Festival tersebut menjadi momentum penting bagi pelestarian nilai budaya Madura melalui seni rupa.
ADVERTISEMENT

SCROLL TO RESUME CONTENT
Menurut Bupati Sumenep, Dr. H. Achmad Fauzi Wongsojudo, S.H., M.H., kegiatan ini adalah wujud nyata sinergi antara pemerintah, dunia usaha, dan komunitas seniman dalam menjaga warisan budaya bangsa.
“Festival ini bukan sekadar ajang lomba, melainkan wadah ekspresi dan pelestarian seni lukis yang memperkenalkan kekayaan budaya serta kearifan lokal Madura,” kata Bupati Fauzi, Sabtu (25/10/2025).

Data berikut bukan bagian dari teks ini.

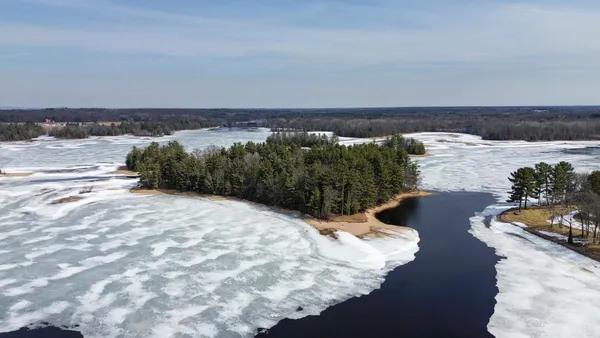 $775,000 | 1106 West River Road, Mosinee, WI 54455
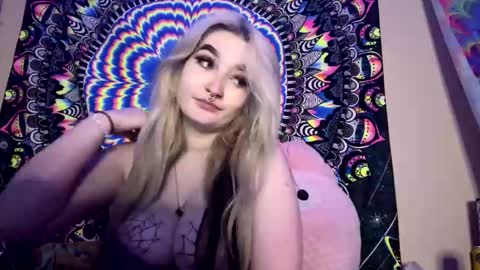 Lizz  online show from February 23, 11:36 am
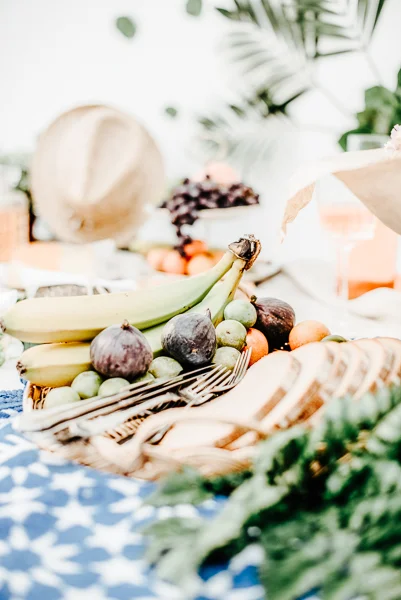 Tableau de fruits frais et élégant pour inspirer votre repas de mariage.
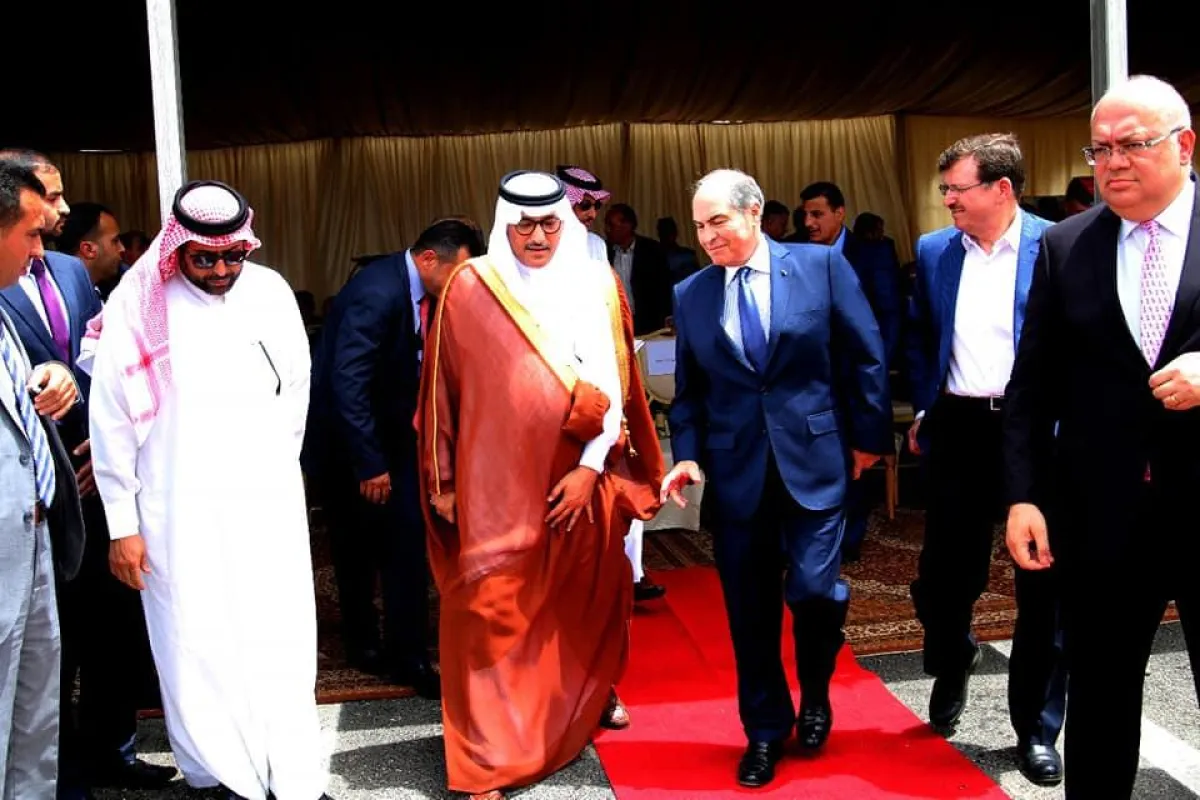 سمو الأمير ورئيس الوزراء برفقة الوزراء الأردنيين.jpg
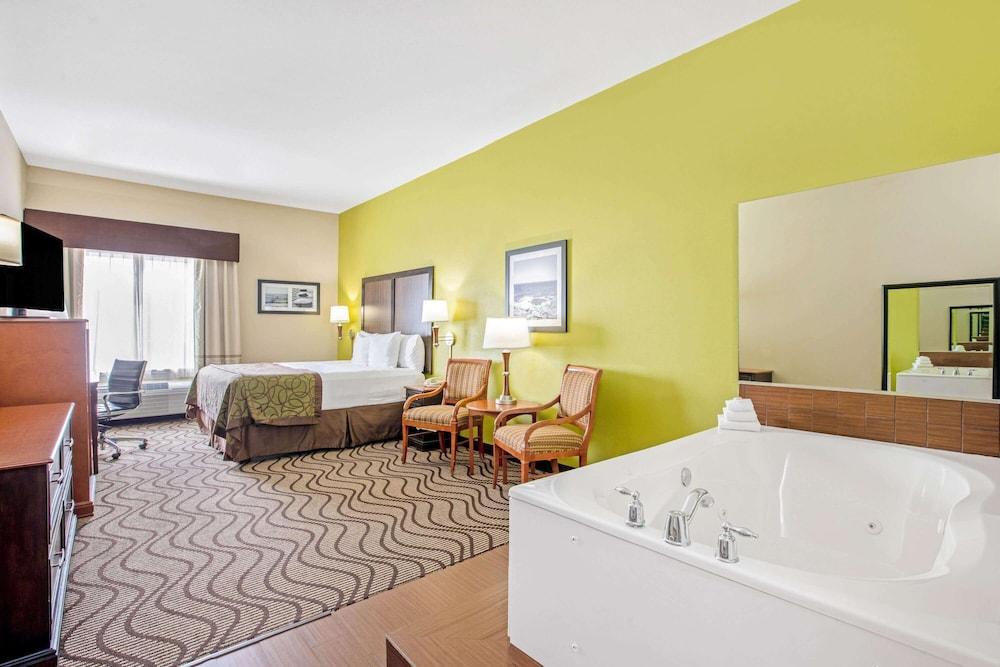 La Quinta Inn & Suites by Wyndham Corpus Christi Airport photo 16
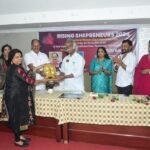 സക്സസ് കേരള എമർജിങ് വുമൺ എന്റർപ്രണർ അവാർഡ് സജിഷ്ണ എസിന്.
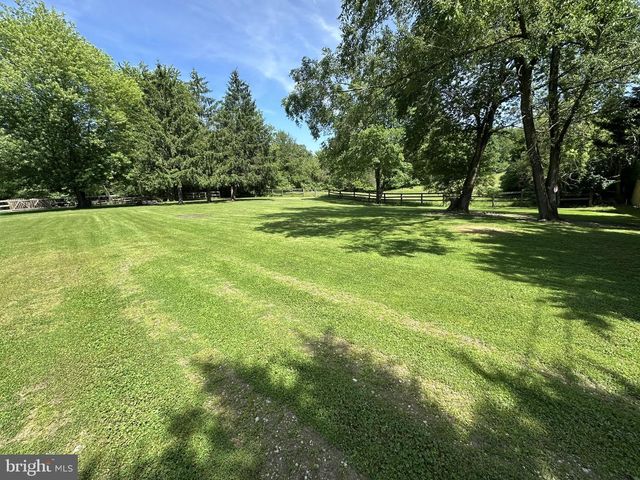 1995 HANOVER PIKE, Hanover, PA 17331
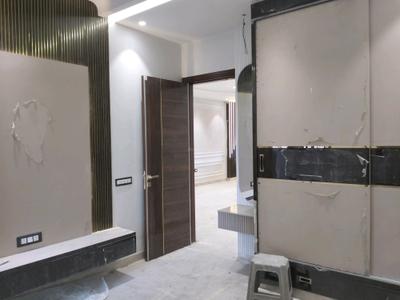 Bedroom Image of 1500 Sq.ft 3 BHK Builder Floor for sale in Mukherjee Nagar New Delhi for Rs. 25000000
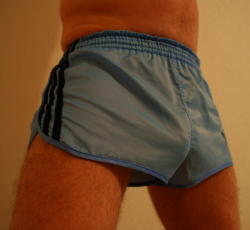 guysinshortshorts.tumblr.com post 104012776465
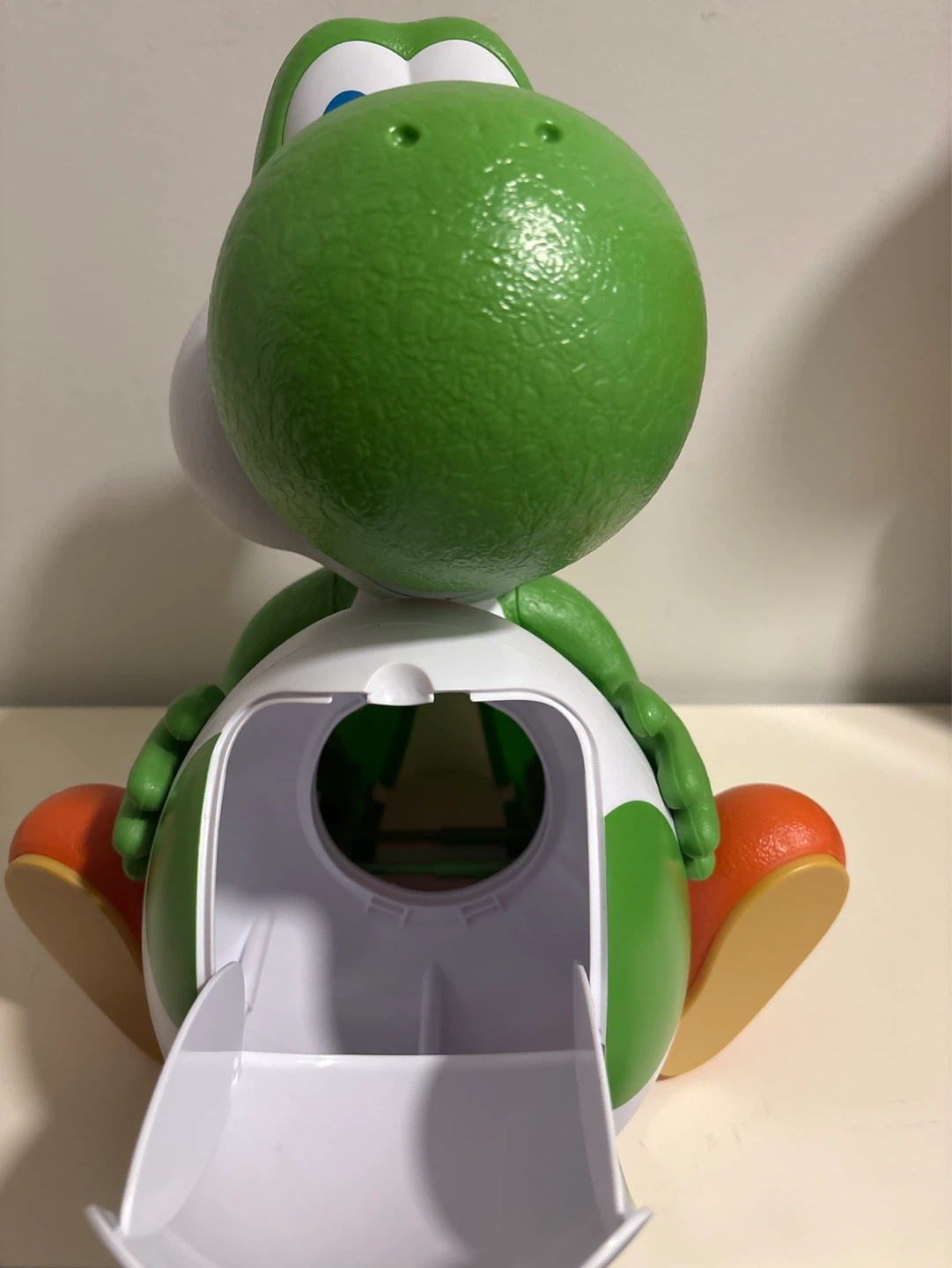 Yoshi popcorn bucket - photo 3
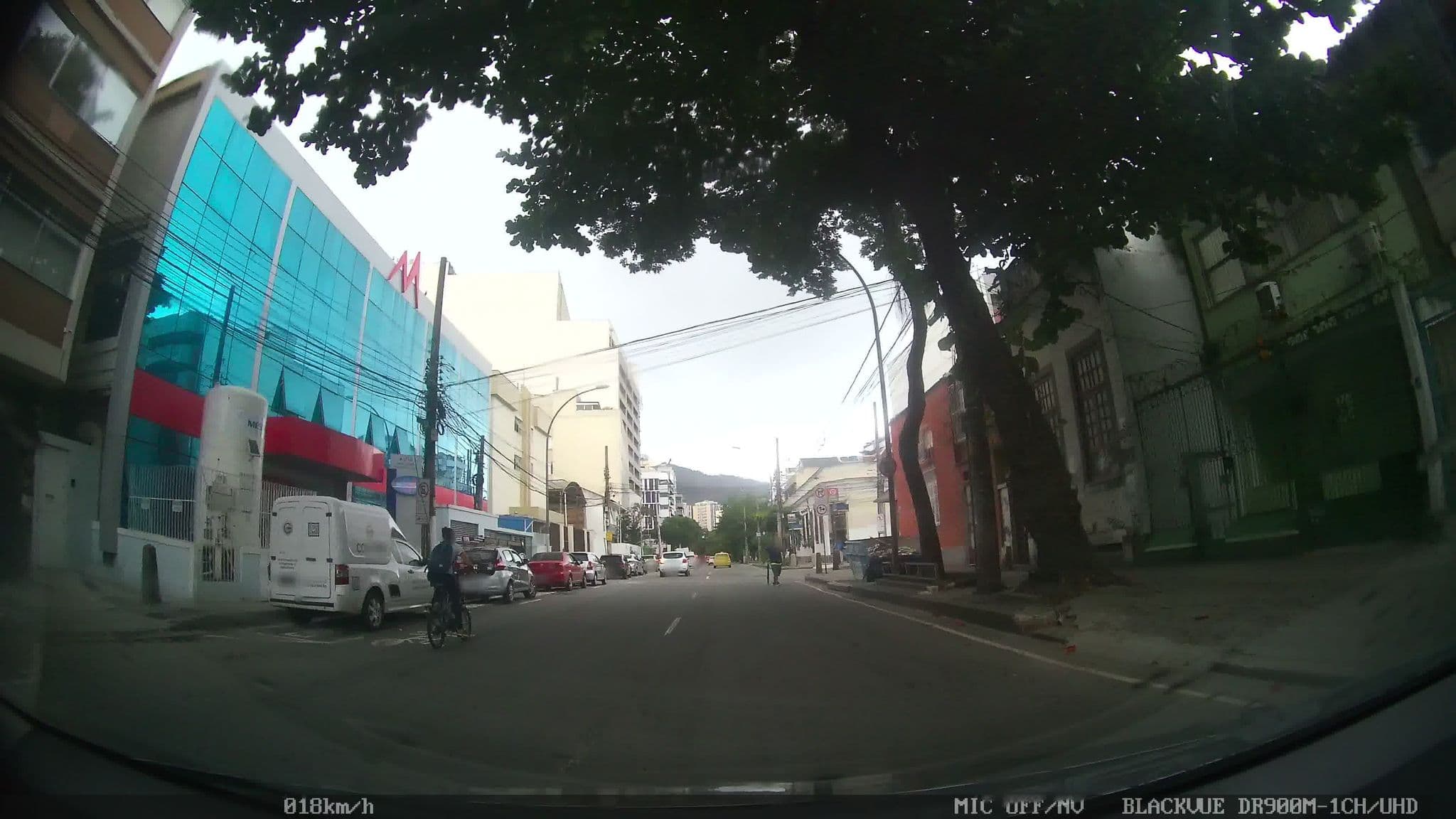 Street view near Typo Mini Botafogo, Catete — © kaart_2 (CC BY-SA · Mapillary)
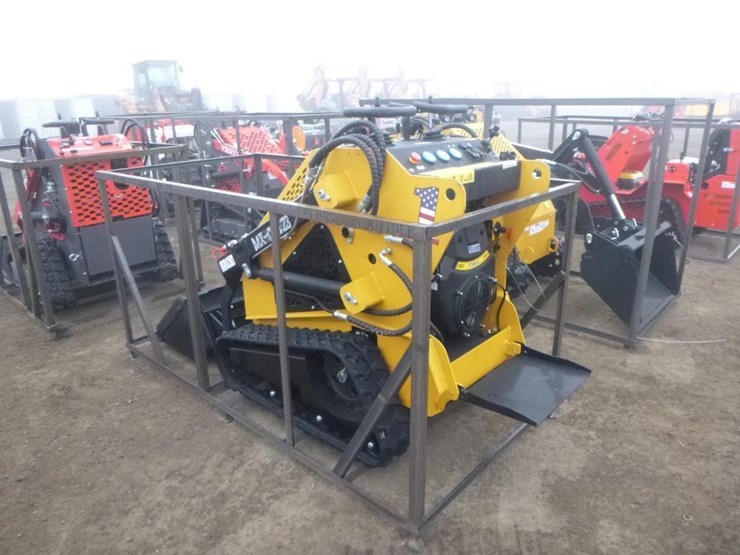 2025-agt-mx-crt23-skid-steer-track-loader-image-4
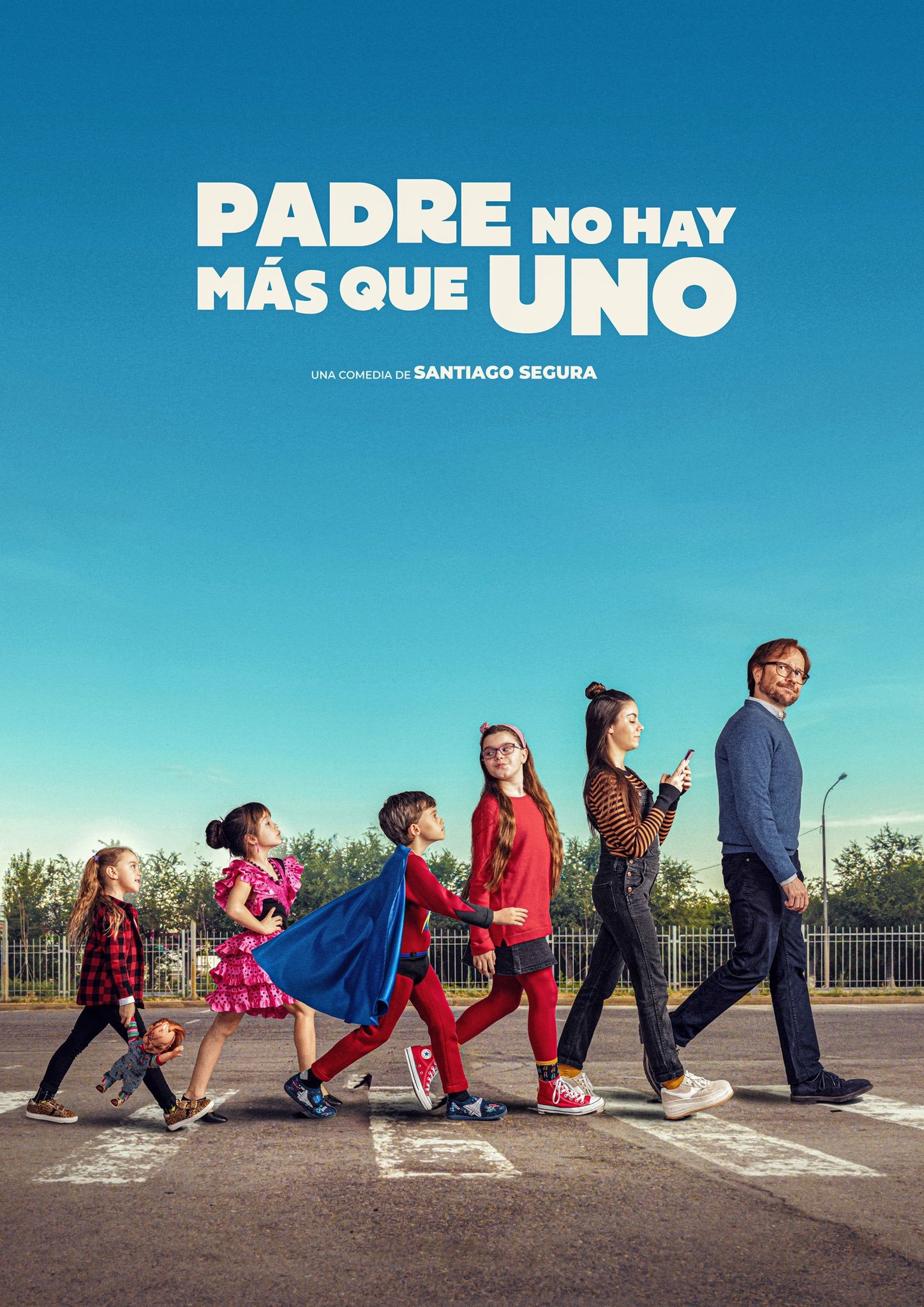 Mega Sized Movie Poster Image for Padre no hay más que uno (#3 of 5)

Ia menilai, seni memiliki kekuatan unik untuk menggambarkan jati diri dan nilai-nilai kemanusiaan. Di tengah gempuran teknologi, para seniman tetap mampu menunjukkan dedikasi dan produktivitas yang tinggi.
“Para pelukis membuktikan bahwa kemajuan teknologi tidak menjadi penghalang kreativitas. Justru, karya mereka memperlihatkan bagaimana budaya tetap hidup dan relevan di setiap zaman,” ujarnya.
Bupati Fauzi menegaskan, Pemerintah Kabupaten Sumenep berkomitmen memberikan ruang yang luas bagi para pelaku seni dan budaya. Baginya, kesenian tidak hanya soal estetika, tetapi juga bagian dari pembangunan sumber daya manusia dan ekonomi kreatif.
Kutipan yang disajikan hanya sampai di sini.